# item(s) to chew during the day?



## Ted White (May 2, 2006)

what do you guys have dog chew on during the day while in crate? Pup 9 weeks old.

Thanks!


----------



## Lynn Cheffins (Jul 11, 2006)

knuckle bone, big rib bones,deer legs, nylabones, hoofs, kongs with "stuff" in them....depends on the time of year and what I have around.


----------



## susan tuck (Mar 28, 2006)

chicken feet are good if you can find them. Some latin american markets carry them and sometimes you can find them at walmart.


----------



## Ted White (May 2, 2006)

I recall that rawhide isn't good?


----------



## ann schnerre (Aug 24, 2006)

i just give 'em either a kong w/peanut butter in it, or a beef shank bone. the only time they get either is when they "kennel up", there-by teaching them that good things come at "kennel up", and keeping them occupied while they are. 

works good for me...


----------



## Ted White (May 2, 2006)

very good point about the "kennel up"


----------



## Maren Bell Jones (Jun 7, 2006)

At the meat lab at the university, sometimes they will give me whole raw femur bones (the ones that normally cost like $10-15 smoked at a pet store) for free fresh off the cow. I freeze them, let the pup attack it until it's room temp and refreeze a few times. Knuckle bones and soup bones are also excellent. They particularly seem to like lamb neck slices. Frozen Kongs are good, but I find they prefer the frozen recreational bones even more.


----------



## susan tuck (Mar 28, 2006)

I feed whole lamb necks as RMBs not recreationals.


----------



## Ted White (May 2, 2006)

Maren,

They enjoy cold bones? Or is there some other reason they're frozen?


----------



## Mike Schoonbrood (Mar 27, 2006)

I used to know people that froze carrots for teething pups, the cold helped sooth their pain.


----------



## ann schnerre (Aug 24, 2006)

you still know one, mike. i used frozen carrots (and frozen bones) for brix when he was teething-worked pretty good, and cheap


----------



## susan tuck (Mar 28, 2006)

frozen bones are dog popsicles


----------



## Ted White (May 2, 2006)

Aha! so frozen is just more enjoyable, maybe. Unless it's cold outside...


----------



## ann schnerre (Aug 24, 2006)

even if it IS cold outside--they have to work harder at it. i guess it would really work well if it was cold out, AND the dog was out in it. but mine are spoiled, they get to work on them frozen and while they're thawing out, cause they're in the house (both dog and bone ).


----------



## Ted White (May 2, 2006)

Oh, so they last longer. Got it. Good idea


----------



## Maren Bell Jones (Jun 7, 2006)

susan tuck said:


> I feed whole lamb necks as RMBs not recreationals.

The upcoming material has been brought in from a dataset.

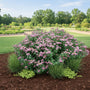 Double Play® Artisan® Spirea planted in a sunny flower bed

Eh, same diff. I like them because they freeze in nice easy shape, so they are super convenient to just throw in the crate as a be back in a couple hours kind of thing rather than just as a formal meal sort of thing. 

Ted, yes, the frozen ones last longer and they really seem to get a big kick out of them. My pup has now lost all his baby teeth, but still loves that frozen femur bone.


----------



## Amanda Layne (Aug 9, 2006)

My dogs get frozen meat and bones too. They seem to enjoy it. Even frozen cornish game hens. It makes them work harder for it, and not scarf it down as fast.


----------